The Pfalz was fitted with a nine-cylinder 110 hp Oberursel U.II rotary engine, driving a two-blade propeller with a large spinner. The fuselage was nearly circular in cross section; smoothly covered with plywood, it tapered towards the tail. The straight edged tailplane was mounted at mid fuselage and carried horn balanced elevators with angled tips. A nearly triangular, flat-topped fin carried a D-shaped rudder, hinged at the elevator trailing edge. A single-seat, open cockpit placed the pilot under the upper trailing edge, which had a shallow but broad cut-out to enhance his view. The D.VI had a simple fixed conventional undercarriage, with mainwheels on a single axle supported at each end by a slender V-form pair of struts.

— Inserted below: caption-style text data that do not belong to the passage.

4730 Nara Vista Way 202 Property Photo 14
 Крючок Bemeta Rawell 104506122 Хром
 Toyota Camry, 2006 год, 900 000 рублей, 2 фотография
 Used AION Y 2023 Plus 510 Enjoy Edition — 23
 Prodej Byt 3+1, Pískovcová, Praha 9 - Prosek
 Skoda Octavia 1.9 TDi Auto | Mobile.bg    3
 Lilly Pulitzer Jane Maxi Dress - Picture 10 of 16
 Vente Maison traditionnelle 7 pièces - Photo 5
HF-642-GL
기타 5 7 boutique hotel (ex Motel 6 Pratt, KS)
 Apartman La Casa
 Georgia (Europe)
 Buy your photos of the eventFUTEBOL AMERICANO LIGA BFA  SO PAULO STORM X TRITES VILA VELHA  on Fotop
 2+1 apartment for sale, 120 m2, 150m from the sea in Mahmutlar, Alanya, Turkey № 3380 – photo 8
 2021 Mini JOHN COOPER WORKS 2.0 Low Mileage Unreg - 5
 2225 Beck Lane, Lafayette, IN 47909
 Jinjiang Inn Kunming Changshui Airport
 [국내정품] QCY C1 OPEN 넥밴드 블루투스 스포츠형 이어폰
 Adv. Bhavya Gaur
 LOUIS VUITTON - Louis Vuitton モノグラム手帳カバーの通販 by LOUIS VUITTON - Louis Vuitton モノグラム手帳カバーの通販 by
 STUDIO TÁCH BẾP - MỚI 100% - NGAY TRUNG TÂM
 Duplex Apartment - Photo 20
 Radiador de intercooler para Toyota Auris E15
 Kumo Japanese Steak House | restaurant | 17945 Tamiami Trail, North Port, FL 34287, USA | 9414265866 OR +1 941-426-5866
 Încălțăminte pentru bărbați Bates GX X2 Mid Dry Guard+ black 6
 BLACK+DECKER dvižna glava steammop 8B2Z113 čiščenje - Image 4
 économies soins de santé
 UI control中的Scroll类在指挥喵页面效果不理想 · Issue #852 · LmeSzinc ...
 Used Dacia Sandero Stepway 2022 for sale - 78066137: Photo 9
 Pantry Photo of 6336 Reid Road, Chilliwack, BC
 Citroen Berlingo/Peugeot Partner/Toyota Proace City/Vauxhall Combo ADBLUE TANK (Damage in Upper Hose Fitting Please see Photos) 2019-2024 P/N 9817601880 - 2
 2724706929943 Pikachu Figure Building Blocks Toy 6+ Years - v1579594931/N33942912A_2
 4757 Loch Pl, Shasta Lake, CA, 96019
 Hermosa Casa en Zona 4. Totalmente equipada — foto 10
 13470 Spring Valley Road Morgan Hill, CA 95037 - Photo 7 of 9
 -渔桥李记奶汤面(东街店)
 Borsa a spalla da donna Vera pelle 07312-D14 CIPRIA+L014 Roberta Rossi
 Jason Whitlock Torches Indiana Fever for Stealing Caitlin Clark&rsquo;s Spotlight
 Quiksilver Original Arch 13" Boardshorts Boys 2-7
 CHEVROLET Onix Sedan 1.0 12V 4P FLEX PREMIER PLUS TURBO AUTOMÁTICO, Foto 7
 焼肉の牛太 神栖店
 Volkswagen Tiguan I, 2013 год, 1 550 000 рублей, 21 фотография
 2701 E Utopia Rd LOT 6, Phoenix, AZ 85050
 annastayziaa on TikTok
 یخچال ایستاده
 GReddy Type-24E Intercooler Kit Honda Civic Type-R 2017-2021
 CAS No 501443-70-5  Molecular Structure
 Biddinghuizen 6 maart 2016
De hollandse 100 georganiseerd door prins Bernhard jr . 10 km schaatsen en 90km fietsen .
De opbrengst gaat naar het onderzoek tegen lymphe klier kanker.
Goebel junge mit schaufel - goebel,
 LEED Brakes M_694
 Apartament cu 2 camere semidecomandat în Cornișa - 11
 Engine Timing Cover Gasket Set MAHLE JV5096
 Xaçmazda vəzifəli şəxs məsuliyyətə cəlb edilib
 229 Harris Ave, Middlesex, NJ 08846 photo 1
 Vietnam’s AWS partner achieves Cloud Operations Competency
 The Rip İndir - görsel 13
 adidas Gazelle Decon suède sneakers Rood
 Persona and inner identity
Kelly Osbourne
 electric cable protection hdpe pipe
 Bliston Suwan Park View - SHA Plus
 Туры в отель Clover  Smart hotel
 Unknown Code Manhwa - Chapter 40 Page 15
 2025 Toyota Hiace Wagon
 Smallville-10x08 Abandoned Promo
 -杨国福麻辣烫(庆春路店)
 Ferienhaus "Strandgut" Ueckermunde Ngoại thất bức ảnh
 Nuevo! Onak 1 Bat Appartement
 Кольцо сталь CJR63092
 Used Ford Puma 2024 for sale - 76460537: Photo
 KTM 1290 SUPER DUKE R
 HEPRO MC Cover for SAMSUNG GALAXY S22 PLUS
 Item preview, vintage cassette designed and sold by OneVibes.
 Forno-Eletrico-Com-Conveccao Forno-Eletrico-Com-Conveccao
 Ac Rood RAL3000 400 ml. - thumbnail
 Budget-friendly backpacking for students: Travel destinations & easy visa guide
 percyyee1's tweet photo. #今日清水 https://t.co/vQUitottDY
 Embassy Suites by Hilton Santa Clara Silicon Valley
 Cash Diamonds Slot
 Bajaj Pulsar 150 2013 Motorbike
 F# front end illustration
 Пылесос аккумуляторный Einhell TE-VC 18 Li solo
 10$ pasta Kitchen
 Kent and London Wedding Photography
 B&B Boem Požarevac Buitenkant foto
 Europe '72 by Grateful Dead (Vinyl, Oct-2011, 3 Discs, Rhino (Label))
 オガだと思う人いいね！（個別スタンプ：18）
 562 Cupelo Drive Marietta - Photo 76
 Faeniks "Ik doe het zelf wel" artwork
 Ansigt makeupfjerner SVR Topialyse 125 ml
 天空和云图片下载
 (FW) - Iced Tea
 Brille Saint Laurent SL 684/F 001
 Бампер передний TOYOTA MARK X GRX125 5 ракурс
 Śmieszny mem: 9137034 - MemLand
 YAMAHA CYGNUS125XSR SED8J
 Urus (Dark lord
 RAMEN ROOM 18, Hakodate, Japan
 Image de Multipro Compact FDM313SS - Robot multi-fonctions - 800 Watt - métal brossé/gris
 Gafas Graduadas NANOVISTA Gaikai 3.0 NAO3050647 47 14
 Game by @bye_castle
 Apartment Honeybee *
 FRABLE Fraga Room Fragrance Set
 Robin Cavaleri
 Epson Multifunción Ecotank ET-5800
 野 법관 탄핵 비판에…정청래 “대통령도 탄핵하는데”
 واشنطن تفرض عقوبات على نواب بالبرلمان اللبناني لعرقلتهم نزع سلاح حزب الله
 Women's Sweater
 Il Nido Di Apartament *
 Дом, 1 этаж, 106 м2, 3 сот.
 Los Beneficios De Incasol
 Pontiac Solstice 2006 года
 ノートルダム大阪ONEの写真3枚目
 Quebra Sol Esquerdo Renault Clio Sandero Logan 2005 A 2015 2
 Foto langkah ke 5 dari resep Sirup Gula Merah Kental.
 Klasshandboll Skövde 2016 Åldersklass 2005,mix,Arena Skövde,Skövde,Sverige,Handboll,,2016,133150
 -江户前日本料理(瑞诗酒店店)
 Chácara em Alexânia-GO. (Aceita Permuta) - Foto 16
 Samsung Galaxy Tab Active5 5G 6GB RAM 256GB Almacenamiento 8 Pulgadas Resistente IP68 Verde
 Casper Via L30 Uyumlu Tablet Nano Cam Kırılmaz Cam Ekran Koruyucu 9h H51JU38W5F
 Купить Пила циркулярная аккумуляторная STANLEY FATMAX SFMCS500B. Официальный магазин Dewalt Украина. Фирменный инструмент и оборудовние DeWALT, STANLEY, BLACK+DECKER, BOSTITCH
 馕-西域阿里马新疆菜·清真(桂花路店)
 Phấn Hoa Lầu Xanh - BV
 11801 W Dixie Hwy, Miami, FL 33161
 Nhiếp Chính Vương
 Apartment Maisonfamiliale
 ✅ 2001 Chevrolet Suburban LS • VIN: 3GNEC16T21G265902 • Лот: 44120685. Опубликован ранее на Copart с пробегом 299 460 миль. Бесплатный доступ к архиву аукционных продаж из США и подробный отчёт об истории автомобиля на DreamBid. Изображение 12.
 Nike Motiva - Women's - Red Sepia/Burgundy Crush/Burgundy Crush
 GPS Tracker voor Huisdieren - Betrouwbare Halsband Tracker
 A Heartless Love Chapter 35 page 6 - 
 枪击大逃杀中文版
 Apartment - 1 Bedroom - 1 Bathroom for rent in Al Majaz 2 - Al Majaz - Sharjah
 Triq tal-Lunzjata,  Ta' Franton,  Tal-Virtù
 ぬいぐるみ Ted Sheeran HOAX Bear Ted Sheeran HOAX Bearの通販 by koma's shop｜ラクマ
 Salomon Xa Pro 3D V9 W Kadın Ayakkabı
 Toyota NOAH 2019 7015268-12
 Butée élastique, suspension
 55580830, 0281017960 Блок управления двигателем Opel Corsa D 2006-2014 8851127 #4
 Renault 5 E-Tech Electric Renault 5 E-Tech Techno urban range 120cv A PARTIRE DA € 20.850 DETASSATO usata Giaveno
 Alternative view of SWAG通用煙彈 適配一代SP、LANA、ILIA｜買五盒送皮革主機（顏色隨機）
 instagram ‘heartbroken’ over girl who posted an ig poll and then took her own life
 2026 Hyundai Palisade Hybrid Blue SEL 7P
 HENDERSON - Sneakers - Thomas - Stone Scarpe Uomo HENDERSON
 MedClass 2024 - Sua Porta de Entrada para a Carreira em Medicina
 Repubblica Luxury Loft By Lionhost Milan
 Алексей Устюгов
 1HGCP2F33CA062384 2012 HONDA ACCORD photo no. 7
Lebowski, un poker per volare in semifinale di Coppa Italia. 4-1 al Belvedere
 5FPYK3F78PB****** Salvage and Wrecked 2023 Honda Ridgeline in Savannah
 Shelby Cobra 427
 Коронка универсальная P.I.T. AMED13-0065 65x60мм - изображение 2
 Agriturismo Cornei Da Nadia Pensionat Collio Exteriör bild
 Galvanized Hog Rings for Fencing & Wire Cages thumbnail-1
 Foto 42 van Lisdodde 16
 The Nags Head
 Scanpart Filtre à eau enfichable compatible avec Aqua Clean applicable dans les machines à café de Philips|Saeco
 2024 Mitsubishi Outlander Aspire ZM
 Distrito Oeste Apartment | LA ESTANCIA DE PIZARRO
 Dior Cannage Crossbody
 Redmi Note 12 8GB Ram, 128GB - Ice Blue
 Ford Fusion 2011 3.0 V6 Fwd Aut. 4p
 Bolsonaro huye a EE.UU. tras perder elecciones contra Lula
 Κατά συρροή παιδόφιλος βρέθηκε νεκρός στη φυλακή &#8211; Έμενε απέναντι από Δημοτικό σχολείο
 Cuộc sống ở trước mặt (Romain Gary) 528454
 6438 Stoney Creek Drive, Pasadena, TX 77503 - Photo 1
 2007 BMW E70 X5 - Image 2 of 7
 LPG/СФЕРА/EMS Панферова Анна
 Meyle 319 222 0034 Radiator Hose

There was a small tailskid. It was armed with a pair of fixed LMG 08/15 7.9 mm calibre machine guns, the standard German single-seat fighter equipment of the time.

The D.VI was one of three Pfalz aircraft which competed at the first D-Type contest held at Adlershof in January and February 1918, the others being the D.VII and the D.VIII. It gained its Type Certificate in September 1918 but failed to win a production order.